I have lived in San Diego for almost 35 years and had married a Mexican National back then and have pass through customs in both TJ and Mexicali several hundred times. Having Calif. plates and a Tahoe full of personal stuff will be easy in those cities as they are very used to seeing this scenario daily many times. The most they will do is charge you some money and the least is wave you on your way for free, most likely if the stuff looks well used.
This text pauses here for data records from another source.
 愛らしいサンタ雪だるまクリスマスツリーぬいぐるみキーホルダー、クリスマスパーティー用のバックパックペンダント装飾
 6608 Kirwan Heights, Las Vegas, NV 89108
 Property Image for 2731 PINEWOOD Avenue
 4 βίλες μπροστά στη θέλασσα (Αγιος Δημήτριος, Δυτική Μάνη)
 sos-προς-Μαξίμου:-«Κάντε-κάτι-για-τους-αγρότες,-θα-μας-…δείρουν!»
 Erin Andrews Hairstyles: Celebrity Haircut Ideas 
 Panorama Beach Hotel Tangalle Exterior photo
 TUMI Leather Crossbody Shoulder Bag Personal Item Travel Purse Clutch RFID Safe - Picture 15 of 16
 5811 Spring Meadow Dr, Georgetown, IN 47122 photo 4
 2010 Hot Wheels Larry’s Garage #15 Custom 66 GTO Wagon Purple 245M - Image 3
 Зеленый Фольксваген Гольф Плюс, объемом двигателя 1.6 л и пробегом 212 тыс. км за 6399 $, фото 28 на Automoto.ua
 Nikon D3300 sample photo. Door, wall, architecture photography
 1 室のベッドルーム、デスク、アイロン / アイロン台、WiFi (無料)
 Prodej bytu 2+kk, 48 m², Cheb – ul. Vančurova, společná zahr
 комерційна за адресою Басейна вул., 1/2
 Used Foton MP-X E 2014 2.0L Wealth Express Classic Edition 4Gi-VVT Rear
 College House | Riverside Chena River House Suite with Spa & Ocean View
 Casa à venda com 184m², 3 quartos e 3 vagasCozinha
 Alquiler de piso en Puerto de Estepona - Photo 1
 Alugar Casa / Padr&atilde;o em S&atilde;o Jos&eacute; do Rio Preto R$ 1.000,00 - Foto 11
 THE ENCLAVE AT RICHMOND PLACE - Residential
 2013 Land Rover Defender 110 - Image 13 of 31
The 2 day drive, 1000 miles, one way is not bad at all. 20 years ago it was a rough ride, I have heard, now very smooth.


----------



## aussieyank (Feb 26, 2012)

AlanMexicali said:


> I have lived in San Diego for almost 35 years and had married a Mexican National back then and have pass through customs in both TJ and Mexicali several hundreds times. Having Calif. plates and a Tahoe full of personal stuff will be easy in those cities as they are very used to seeing this scenario daily many times. The most they will do is charge you some money and the least is wave you on your way for free, most likely if the stuff looks well used.
> 
> The 2 day drive, 1000 miles, one way is not bad at all. 20 years ago it was a rough ride, I have heard, now very smooth.


Excellent. Wife and I just talked about it again and we definitely want to bring our stuff with us. I just searched again regarding shipping and that's out of the question. I'm 56 and she's 46 and not of the "backpacking" crowd anymore. Would love to have some of our creature comforts and toys. 

Nice to hear that that drive isn't that bad. We could do it in a couple of days or even three days. Having the US vehicle leaves us with more options as far as coming back to the States if we eventually want to move to Australia. I think we'll leave some of our stuff with a friend in the States to deal with at a later date.

Thanks again


----------



## RVGRINGO (May 16, 2007)

Remember: The new rules make it impossible to change from FMM Tourist to Residente Temporal in Mexico. Application must be made in your home country for either Residente Temporal or Residente Permanente. The FMM cannot be renewed or extended in Mexico, requiring a trip to the border after 180 days in Mexico.


----------